X=V_naught*cos(theta)*t
Y= V_naught*sin(theta)*t - 0.5*a(t)^2


1/(cos(theta)0^2=1+ (tan(theta))^2

The Attempt at a Solution

t= 400/100cos(theta)

0= -0.5*a(t)^2 + V_naught*sin(theta)*t -150

0= -0.5*a(400/100cos(theta))^2 + V_naught*sin(theta)*400/100cos(theta) -150

I get stuck here. I'm not really quite sure what to do next. I'm pretty sure I have to use the quadratic equation, but don't know how.

 

[ehild]

Hi Hedgehog, welcome to PF.

Substitute v_nought=100 into your equation and simplify.
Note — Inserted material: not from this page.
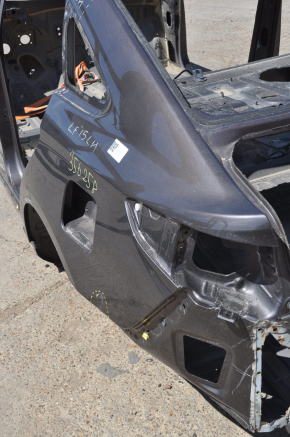 Quarter wing rear left Hyundai Sonata 15-19 graphite on body, bumps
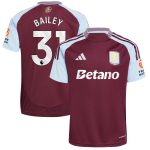 aston villa adidas home shirt 2024-25 with bailey 31 printing Collection | Aston Villa Fan Shop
You also know that a=g, the gravitational acceleration.

ehild

 

[Hedgehog1]

Thanks for the quick reply!

I substituted all my v0=100 and simplified to get this:

-0.5*-9.81(16/1+(tan(theta))^2) + 400*tan(theta) -150=0

Edit:
I'm not sure entirely how I would simplify further.

 

[ehild]

Your equation Y= V₀*sin(theta)*t - 0.5*a(t)^2 is a bit incorrect, it has to be Y= V₀*sin(theta)*t + 0.5*a(t)^2, with a=-9.81 m/s^2.
Using the parentheses correctly, you get
-0.5*9.81*16(1/cos²(θ))+ 400*tan(θ) -150=0.
You wrote among the relevant equations that 1/cos²(θ)=1+tan²(θ). Use it, substitute 1+tan²(θ)for 1/cos²(θ). You get a quadratic equation for tan(θ).

ehild

 

[Hedgehog1]

Thank you for your help! I understand what to do now.

 

[ehild]

Thank you for your help! I understand what to do now.

You are welcome

ehild